START The input

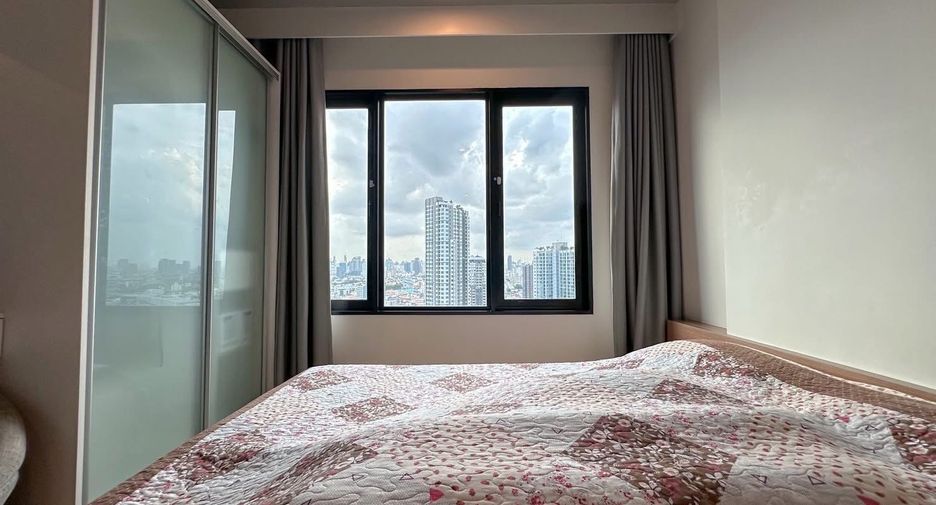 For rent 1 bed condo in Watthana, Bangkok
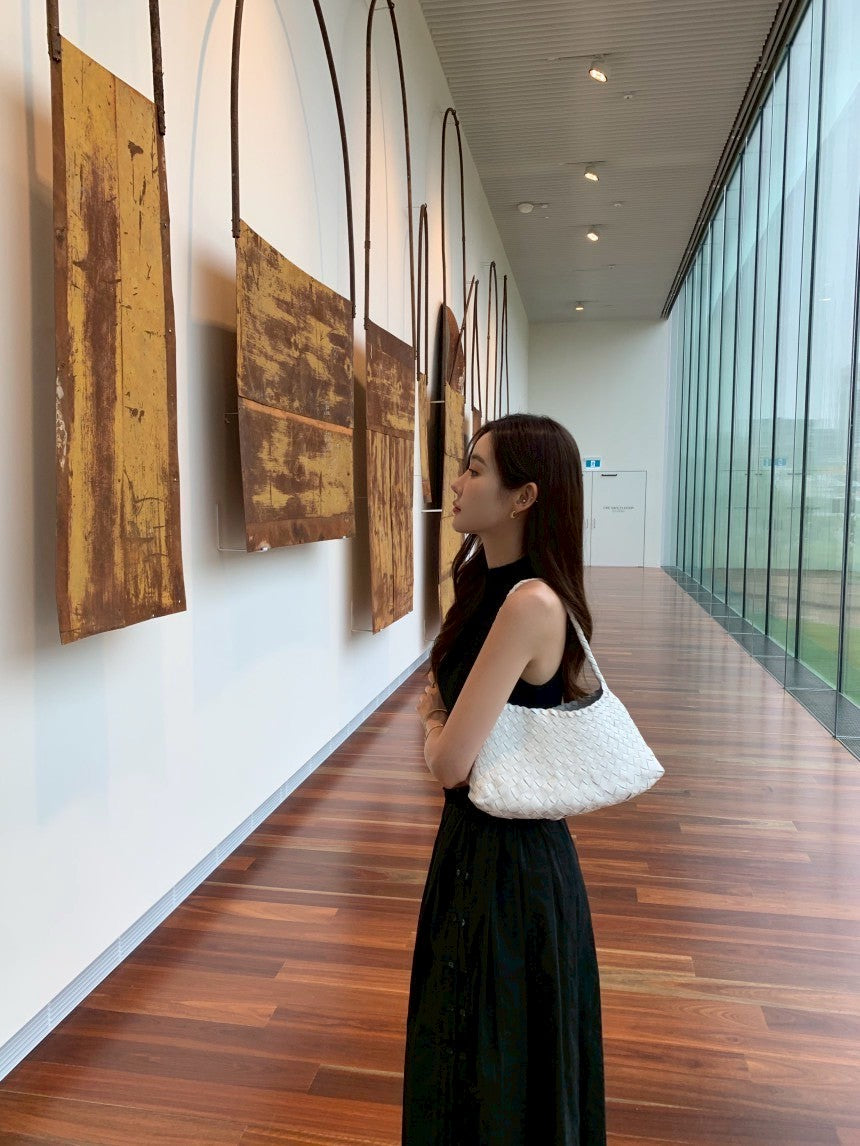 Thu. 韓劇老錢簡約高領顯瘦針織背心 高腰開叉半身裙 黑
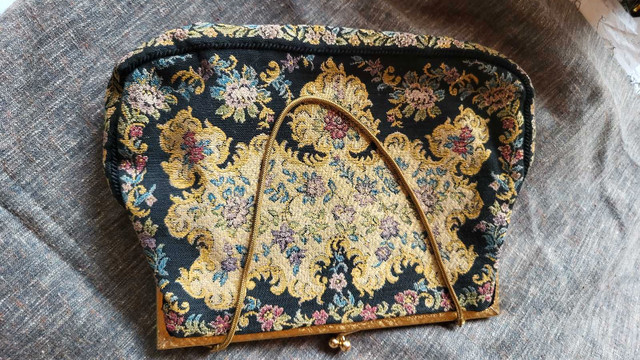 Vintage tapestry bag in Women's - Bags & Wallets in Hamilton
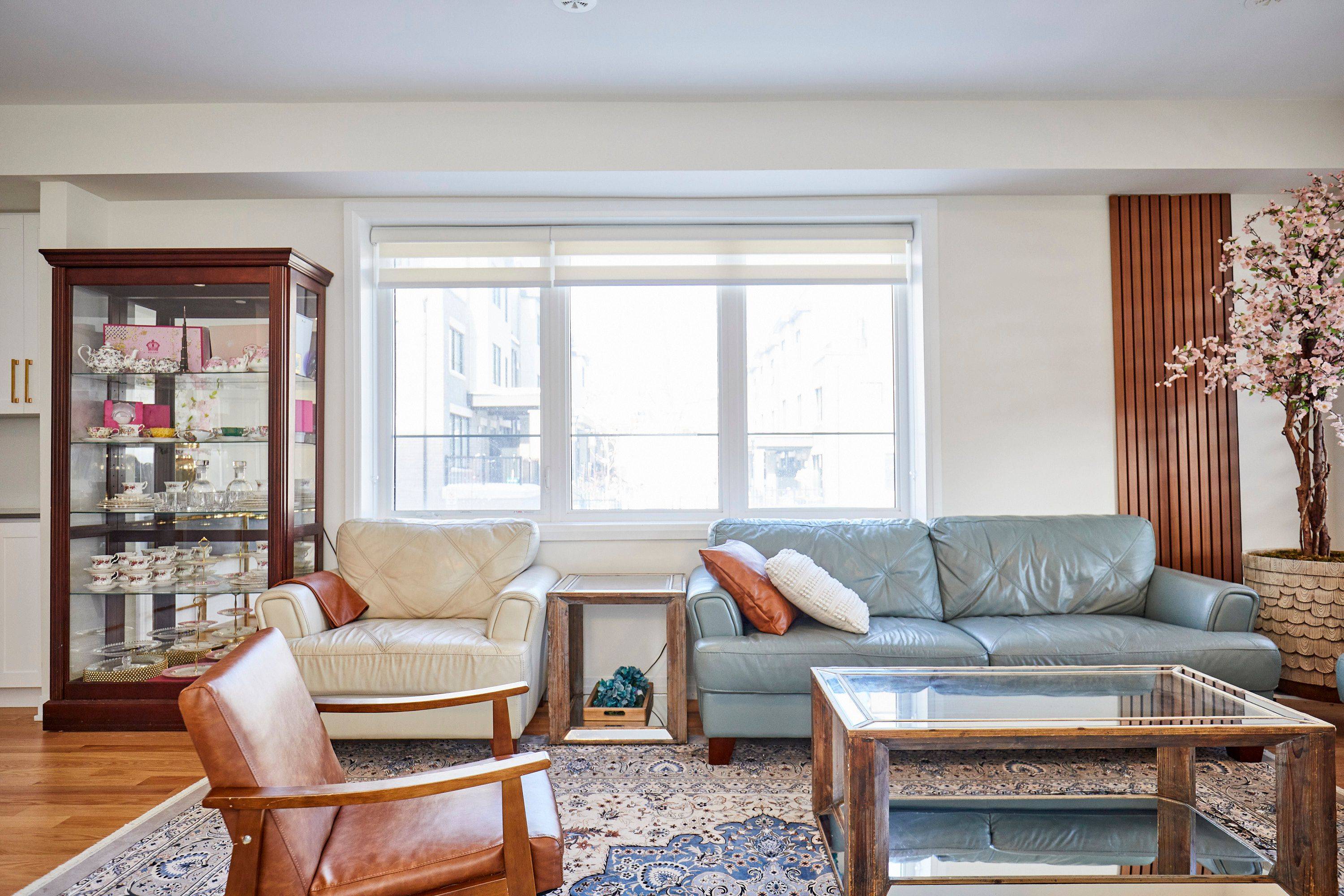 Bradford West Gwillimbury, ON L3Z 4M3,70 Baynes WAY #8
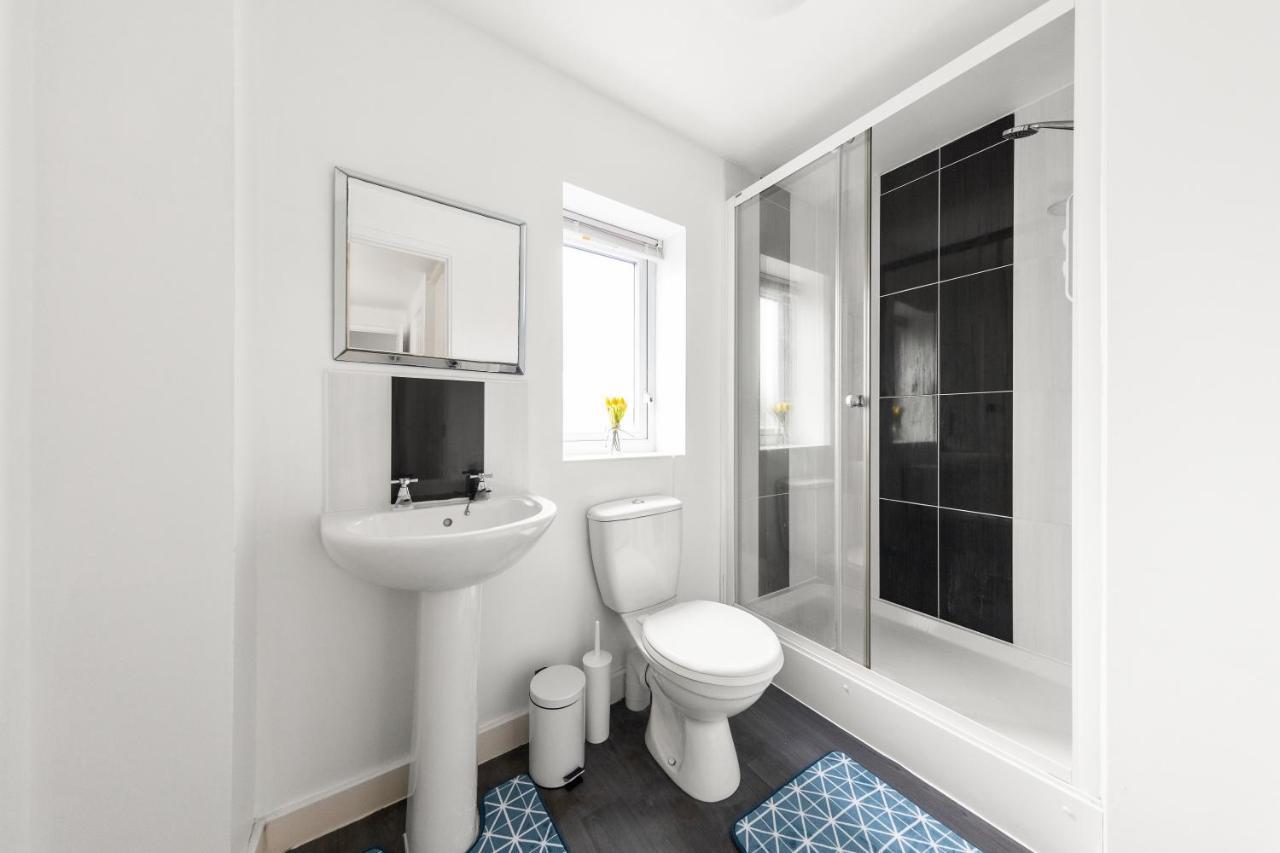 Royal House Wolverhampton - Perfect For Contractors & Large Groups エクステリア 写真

END The input

Aim of the exercise →
Only an exact copy of the lines from the one with "Thu. 韓劇老錢簡約高領顯瘦針織背心 高腰開叉半身裙 黑" through the last line of the listing should be given; pictures must not be included.

Exercise result →
 Thu. 韓劇老錢簡約高領顯瘦針織背心 高腰開叉半身裙 黑
 Vintage tapestry bag in Women's - Bags & Wallets in Hamilton
 Bradford West Gwillimbury, ON L3Z 4M3,70 Baynes WAY #8
 Royal House Wolverhampton - Perfect For Contractors & Large Groups エクステリア 写真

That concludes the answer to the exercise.